#### SUPPLIED INFORMATION:
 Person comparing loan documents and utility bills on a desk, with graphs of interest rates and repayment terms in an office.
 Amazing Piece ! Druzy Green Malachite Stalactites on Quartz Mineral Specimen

==

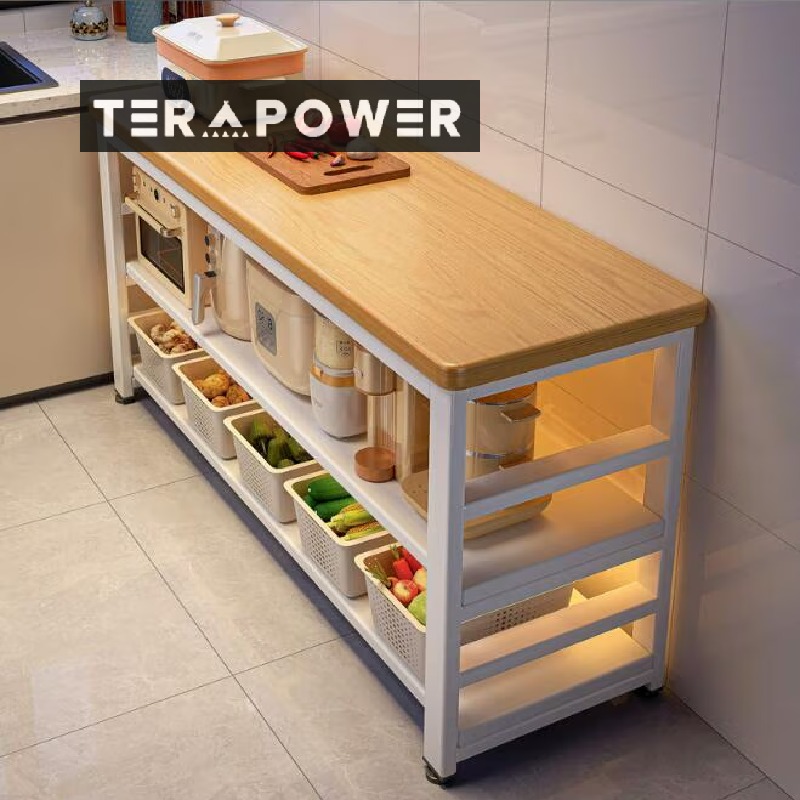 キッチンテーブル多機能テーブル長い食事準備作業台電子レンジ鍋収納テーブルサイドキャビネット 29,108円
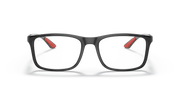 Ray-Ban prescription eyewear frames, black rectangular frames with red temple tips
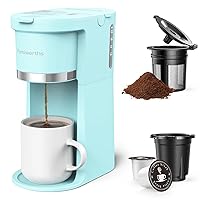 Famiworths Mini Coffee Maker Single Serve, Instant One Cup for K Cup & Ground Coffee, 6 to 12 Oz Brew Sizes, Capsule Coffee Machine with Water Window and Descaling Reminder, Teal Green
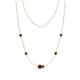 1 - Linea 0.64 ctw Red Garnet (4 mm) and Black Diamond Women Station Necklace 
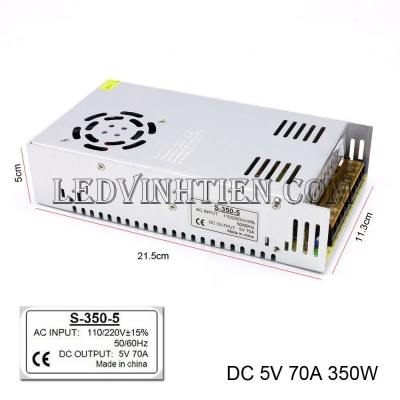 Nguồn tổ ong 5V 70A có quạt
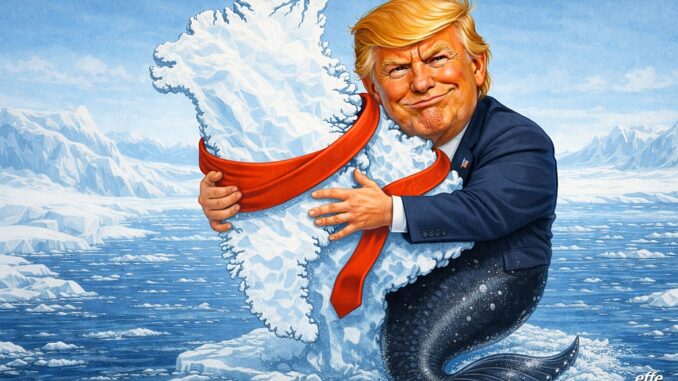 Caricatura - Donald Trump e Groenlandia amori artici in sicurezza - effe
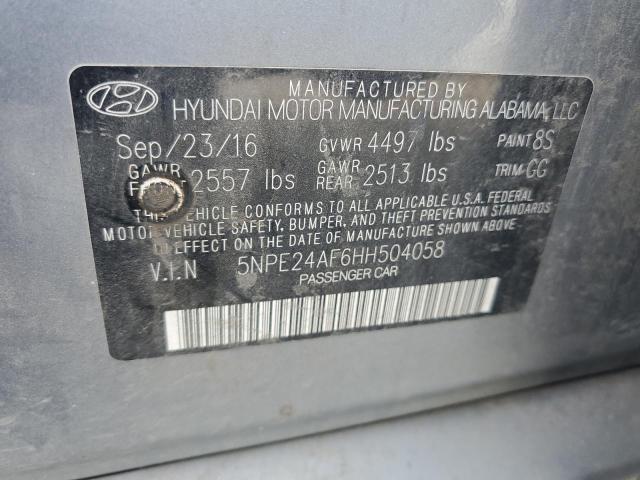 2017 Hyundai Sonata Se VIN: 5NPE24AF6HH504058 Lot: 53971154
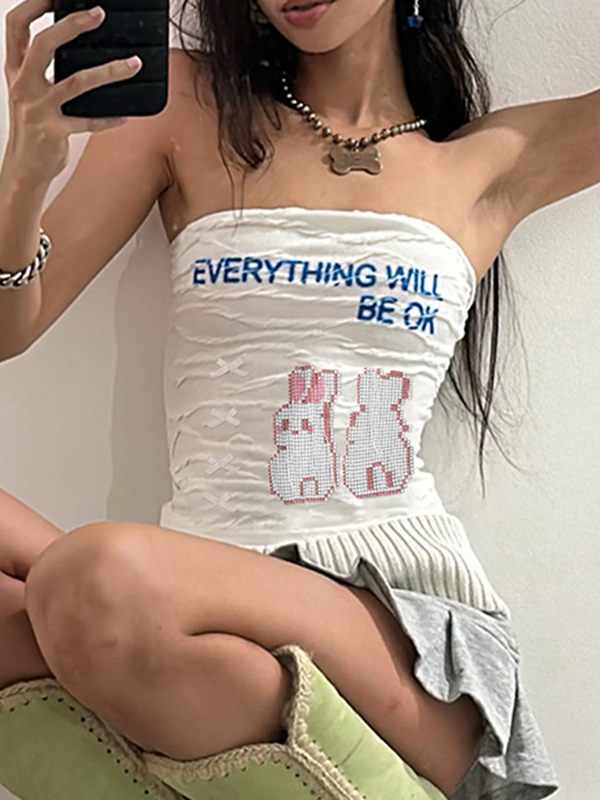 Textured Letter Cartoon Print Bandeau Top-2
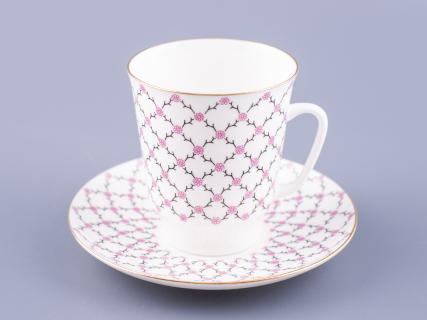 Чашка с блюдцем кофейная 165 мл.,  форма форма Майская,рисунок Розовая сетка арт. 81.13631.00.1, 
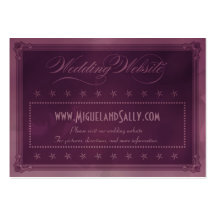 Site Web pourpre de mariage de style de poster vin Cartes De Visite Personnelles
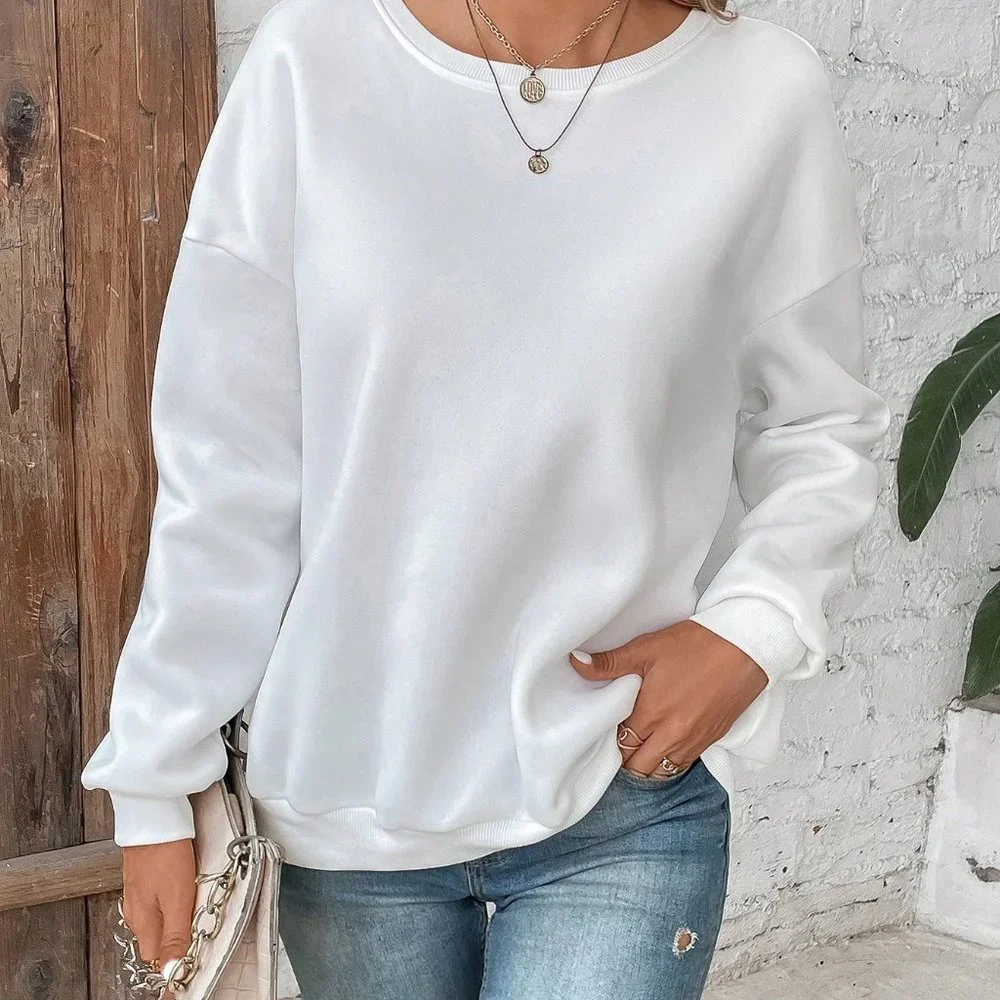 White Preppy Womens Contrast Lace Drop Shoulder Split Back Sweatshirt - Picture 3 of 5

* * *

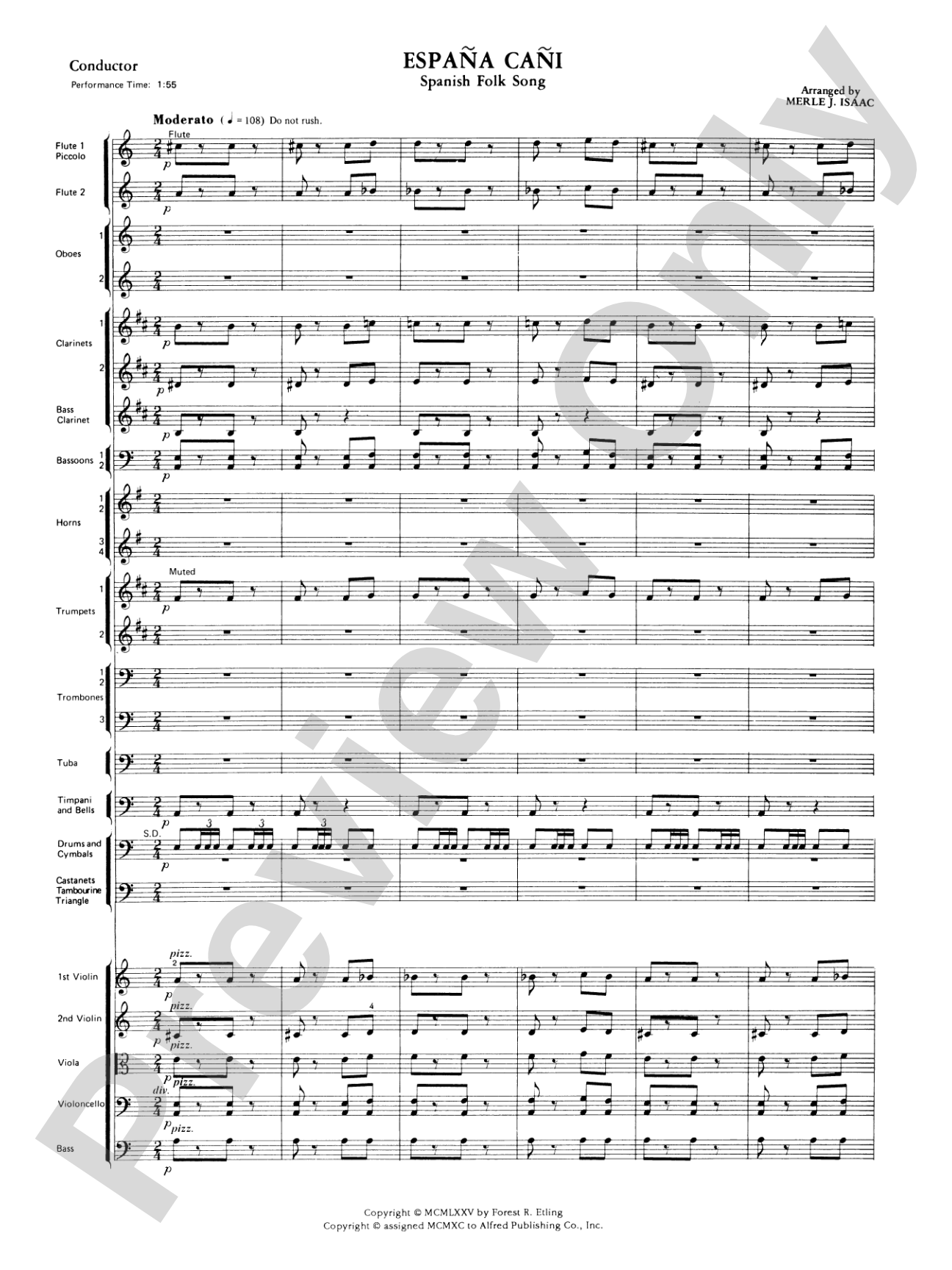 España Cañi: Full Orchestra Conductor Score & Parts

#### TASK TO CARRY OUT:
Print from the line containing "1 - Linea 0.64" through the line containing "White Preppy Womens" in the data above, exactly as the lines stand, and omit every picture.

#### ANSWER AREA:
 1 - Linea 0.64 ctw Red Garnet (4 mm) and Black Diamond Women Station Necklace 
 Nguồn tổ ong 5V 70A có quạt
 Caricatura - Donald Trump e Groenlandia amori artici in sicurezza - effe
 2017 Hyundai Sonata Se VIN: 5NPE24AF6HH504058 Lot: 53971154
 Textured Letter Cartoon Print Bandeau Top-2
 Чашка с блюдцем кофейная 165 мл.,  форма форма Майская,рисунок Розовая сетка арт. 81.13631.00.1, 
 Site Web pourpre de mariage de style de poster vin Cartes De Visite Personnelles
 White Preppy Womens Contrast Lace Drop Shoulder Split Back Sweatshirt - Picture 3 of 5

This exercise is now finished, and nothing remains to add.